At the center of the case is the cloud of haze that often hangs over the Grand Canyon and other federally protected areas and causes visibility problems. The EPA says the cloud is largely man-made. As such, the air pollution violates the Clean Air Act's regional haze provision.
The haze was such a problem that the EPA told the Arizona Department of Environmental Quality a few years ago that it needed to come up with a plan to reduce emissions at three of the worst offenders — the Cholla, Apache, and Coronado power plants.
As Sandy Bahr of the Arizona Sierra Club told New Times last summer, the ADEQ “put together a plan [in 2011] that was so bad the EPA rejected it.”
The “EPA found that the Arizona [plan] did little more than require the three power plants to continue using their existing weak pollution controls,” court documents state.
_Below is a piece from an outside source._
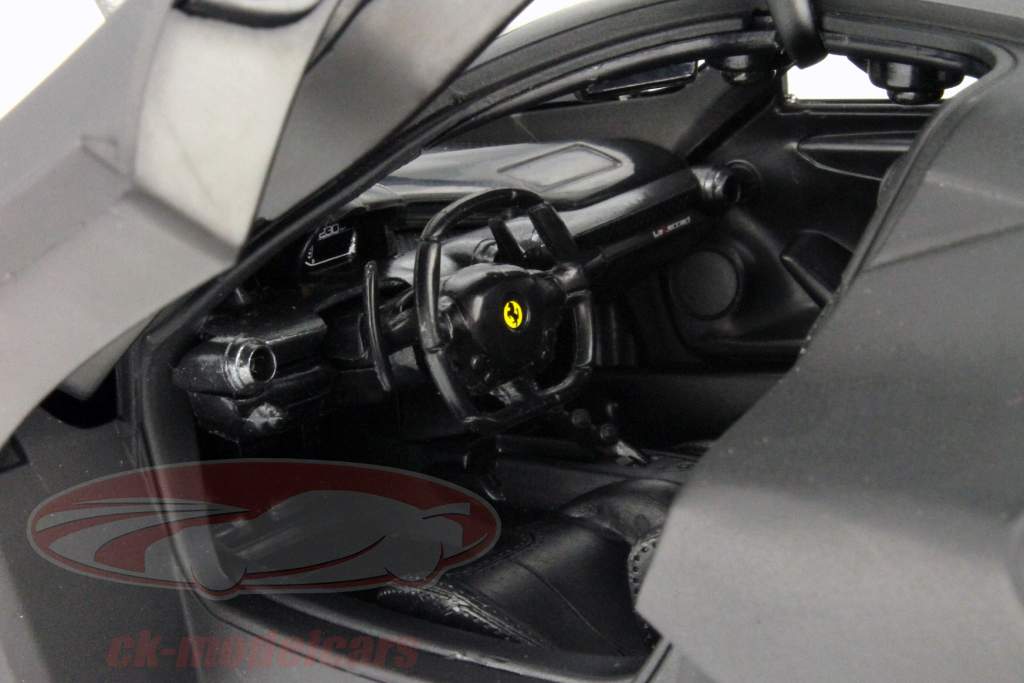 Ferrari LaFerrari 年 2013 マットブラック 1:18 HotWheels Foundation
As a result, the EPA designed its own plan for the three plants the next year and told Arizona it needed to follow it. According to the Regional Haze Provision of the Clean Air Act, states are given the chance to develop regional haze plans, but if the plans fail to meet federal standards, the EPA is required to exercise federal oversight and issue its own plan.
The EPA’s plan “will require the three coal-fired plants to install the best available pollution controls and will result in significant visibility improvements at Arizona’s national parks and wilderness areas,” writes Earth Justice, a major environmental law firm involved in the case in a statement about the decision this week. “The large pollution reductions under EPA’s plan will also provide important health and economic benefits for Arizonans.”
But Arizona was having none of it and sued the EPA.
The EPA maintained and argued throughout the case that the state overestimated the cost of what are frequently referred to as BART (best available retrofit technology) pollution controls and underestimating how any changes would impact air pollution.
And after months of litigation, the Ninth Circuit Court of Appeals sided with the EPA.
“We conclude that EPA did not act arbitrarily and capriciously when it disapproved [the state’s] BART determinations for Coronado and issued a replacement [plan for] the disapproved portions,” Judge Marsha Berzon writes in the court’s opinion.
(In the time since the complaint first was filed, the ADEQ said it would be willing to revisit plans for Cholla and Apache, so this week’s decision applies specifically to the Coronado Generating Station.)
“We are disappointed in the court’s ruling, and we are going to be that information a very close view,” ADEQ spokeswoman Caroline Oppleman says, adding that her agency should have a more detailed response to the ruling sometime next week.
According to the EPA’s plan, the new BART standards for Coronado must be met by December 2017.
Meanwhile, Michael Hiatt, one of the Earth Justice attorneys on the case, says he believes the “EPA did the right thing by stepping in and disapproving the state’s plan [in order to] make sure the Grand Canyon and all national parks are protected.”
This decision, he adds, is important not only because it will affect air quality in Arizona, but because it “makes it clear that the EPA has a very important role to play in upholding the Clean Air Act [around the country].”
The ruling “is a victory for the millions of people who visit Arizona’s renowned national parks and will breathe cleaner air as a result of this decision,” he says.